The move is likely to be regarded as a display of force, as Serbian President Aleksandar Vucic previously had said that NATO refused to let the shipments of Chinese weapons cross through the airspace of its member nations.
The Y-20 cargo planes delivered the anti-aircraft weapons systems to Serbia via the civilian Nikola Tesla airport in Belgrade.
The FK-3, which is the export version of China’s domestic HQ-22, is a ground-to-air missile system that is frequently compared to the United States’ Patriot missile system. It can reach speeds of about six times that of sound (Mach 6) and has a range of about 93 miles. One system includes 12 missiles dispersed among three launch vehicles and a separate radar vehicle.
Notably, the Chinese aircraft flew together in mass formation rather than one at a time, and used state-of-the-art MLat (multilateration) tracking systems instead of the more traditional radar. Open-source intelligence analysts also noted that at least some of the aircraft had removed the coverings for their flare and chaff countermeasures—defensive systems to help evade missile attacks—possibly signaling that the Chinese aircraft either anticipated meeting some resistance or wanted to be seen as anticipating resistance.
The shipment will allow Serbia to become the first user of Chinese missiles in Europe, and will augment an already expanding arsenal of Chinese and Russian drones, tanks, and warplanes purchased by the nation in recent years.

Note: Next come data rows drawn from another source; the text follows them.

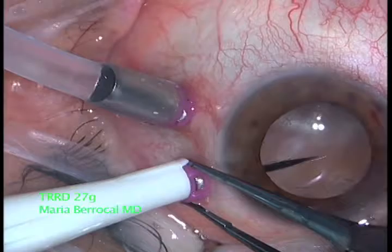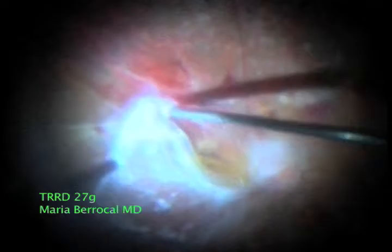Here we're inserting the trocar cannulas. The eye is pseudophakic.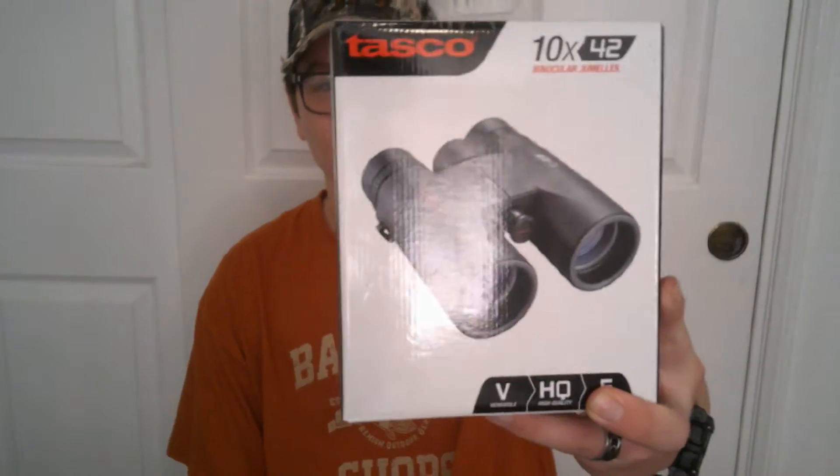Welcome back to the channel everybody. I am Tristan with LT Outdoorsman and today I'm going to be doing a review video on the TASCO 10x42 binoculars. So let's go ahead and get into it.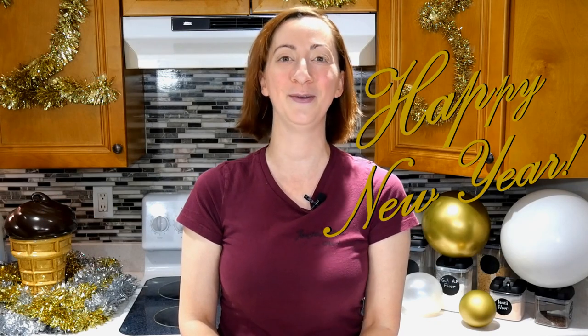Thank you for joining me! I had a really fun time, and I hope you did too! If you have any questions, feel free to leave them in the comment section below and I will do my best to answer them. I will see you next time on Boxed But Better with Jenna, and have a Happy New Year!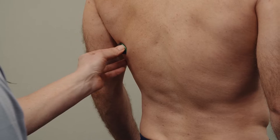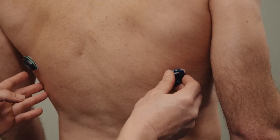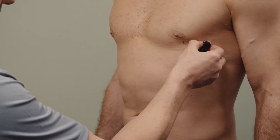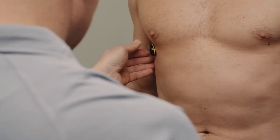Begin by placing Mr. EMG's sensors on your subject's latissimus dorsi muscles, left and right, and serratus anterior muscles, left and right. Follow our recommended muscle placement sites.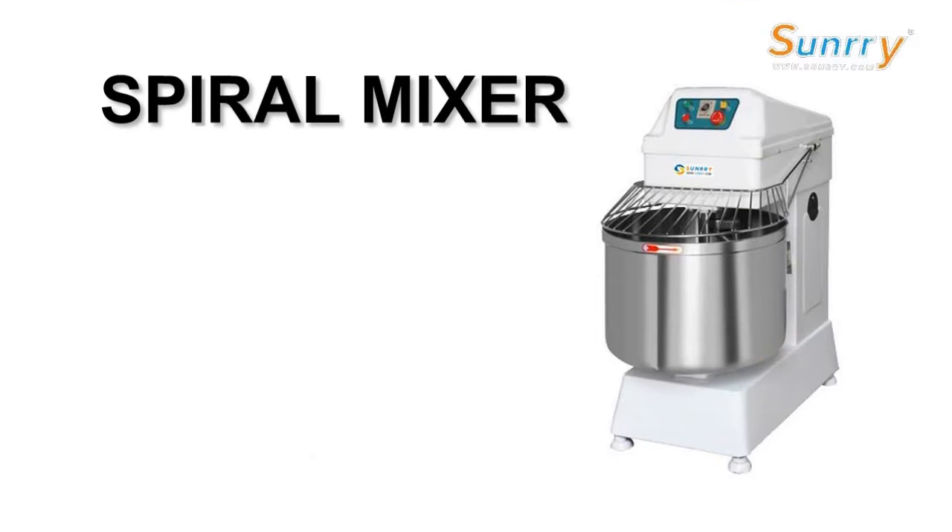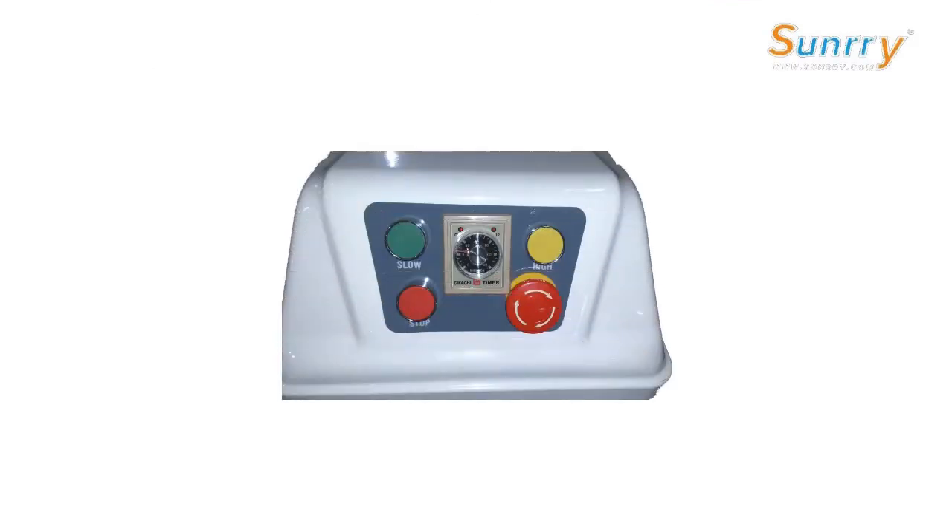I'd like to talk about the operation of the spiral mixer. This is the operation panel of this machine. The one in the middle of the panel is the timer. The green one on the left is for low speed and the yellow one on the right is for high speed. The little red one on the left is the stop button. The big red one on the right is the spring button.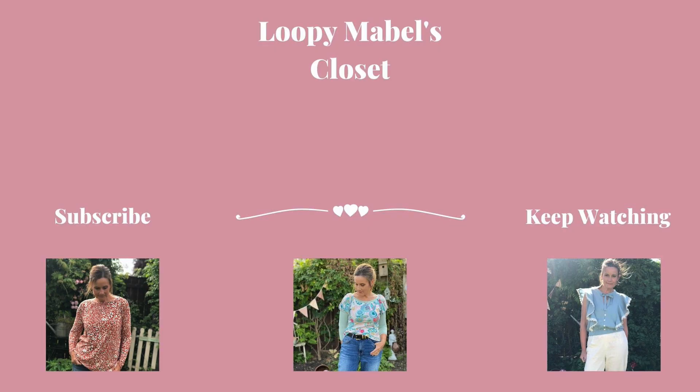Thumbs up if you enjoyed today's vlog. I love doing these types of vlogs and I love doing a bit of research and sharing it with you. If you've just found me and you haven't subscribed, I would love it if you joined me and hit that subscribe button so you can follow along with everything I make. But until the next time, thank you for joining me today. Please take care and happy sewing — I'll see you next time.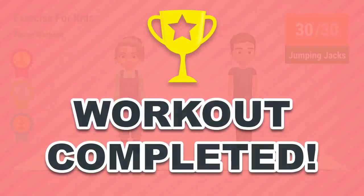Congratulations! You've successfully completed this workout. Please subscribe to the channel if you want to receive new video workouts regularly. We'll see you next time.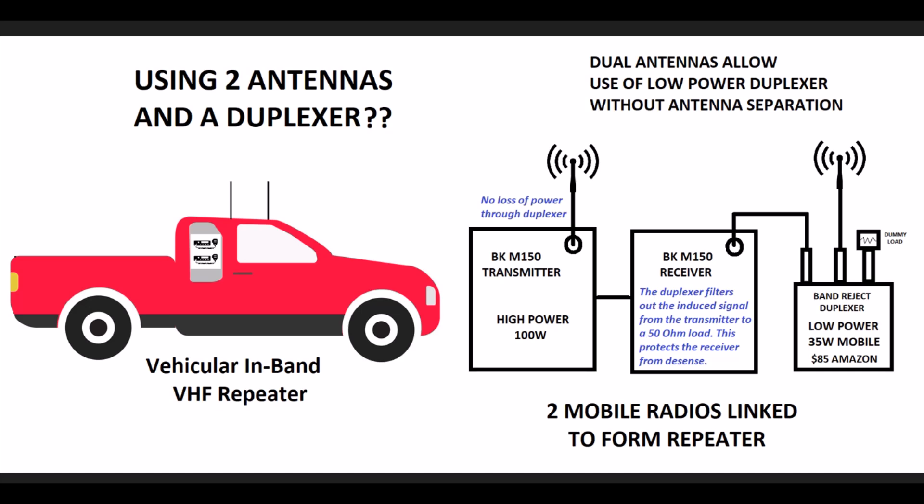Correspondingly, when the portables key up and come in on the receive frequency, they are completely rejected from going to the dummy load, and all of their power goes into the receiver. Other frequencies within the band have a weird split where power goes both ways and it's a non-50-ohm situation, whereas only the two tuned frequencies get a true crisp 50-ohm response going one way or the other. As far as I know, this is a unique application — I haven't seen anyone else do this documented.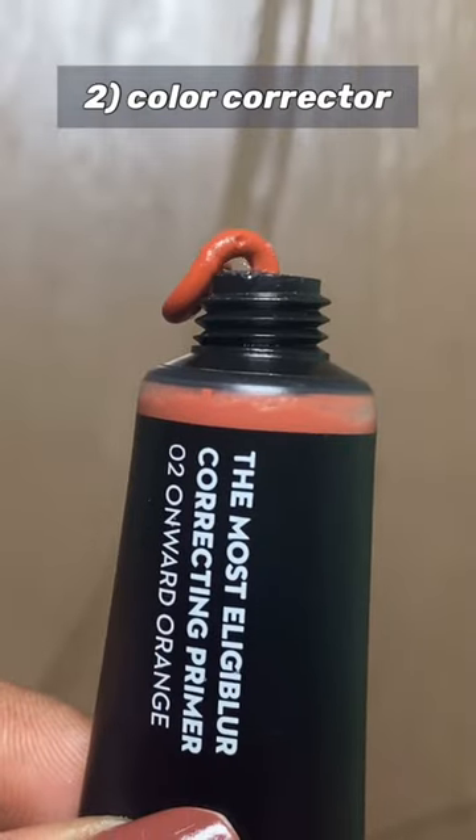Next step is to color correct the darker areas of my face. Without that, my foundation will look gray. So I'm only applying in the darker areas and blending it with my fingers. As you can see, it canceled out the darkness.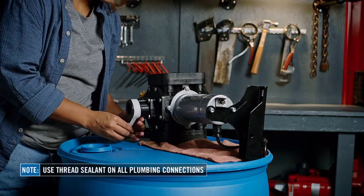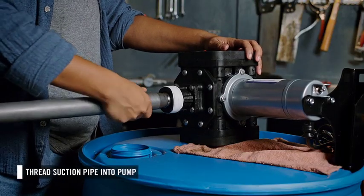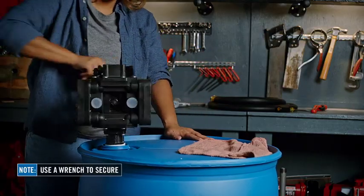First, apply thread sealant to the bung of the pump and the suction pipe. Then thread the suction pipe into the bung of the pump. Then install the pump with the suction pipe into the drum. Hand tighten, then use a wrench to secure.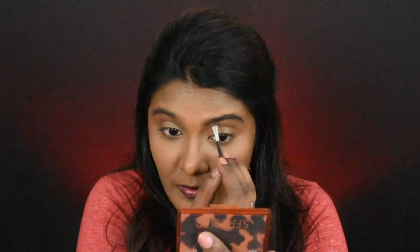I'm going to use a Miss Clare eyebrow cake in the Honey shade to fill in my brows. And now eyebrows are done.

The incident underscored Western fears that further arms buildup in the region could erupt into conflict as Russia continues to wage its war on Ukraine, and both Chinese and Russian leaders promote their own forms of authoritarian expansionism.
Serbia is currently seeking membership into the European Union, amid concern by some to be preparing for war with its neighbors in the Balkans, particularly Kosovo.
Serbia and its neighbors were locked in a number of bitter wars throughout most of the 1990s, during which reports of ethnic cleansing were rampant. The wars reached a bloody crescendo with the 1999 NATO bombardment of Serbia (then Yugoslavia), which resulted in the deaths of some 500 civilians and the destruction of vital infrastructure and cultural monuments.
In 2008, Kosovo declared its independence from Serbia, and subsequently expressed a desire to join NATO. However, China, Russia, and Serbia have refused to acknowledge Kosovo as a legitimate nation.
With that history in mind, Kosovo’s former President Hashim Thaci accused Serbia of plotting a Crimea-like annexation of parts of the territory in 2017, before stepping down to face a war crimes tribunal for acts he allegedly committed during the Yugoslav Wars.
Serbia’s relationship with China and Russia remains somewhat uneven, however. On one hand, the nation voted in the U.N. to condemn Russia’s invasion of Ukraine, while refusing to join international sanctions against Moscow or to issue any further criticism of the Russian troops there.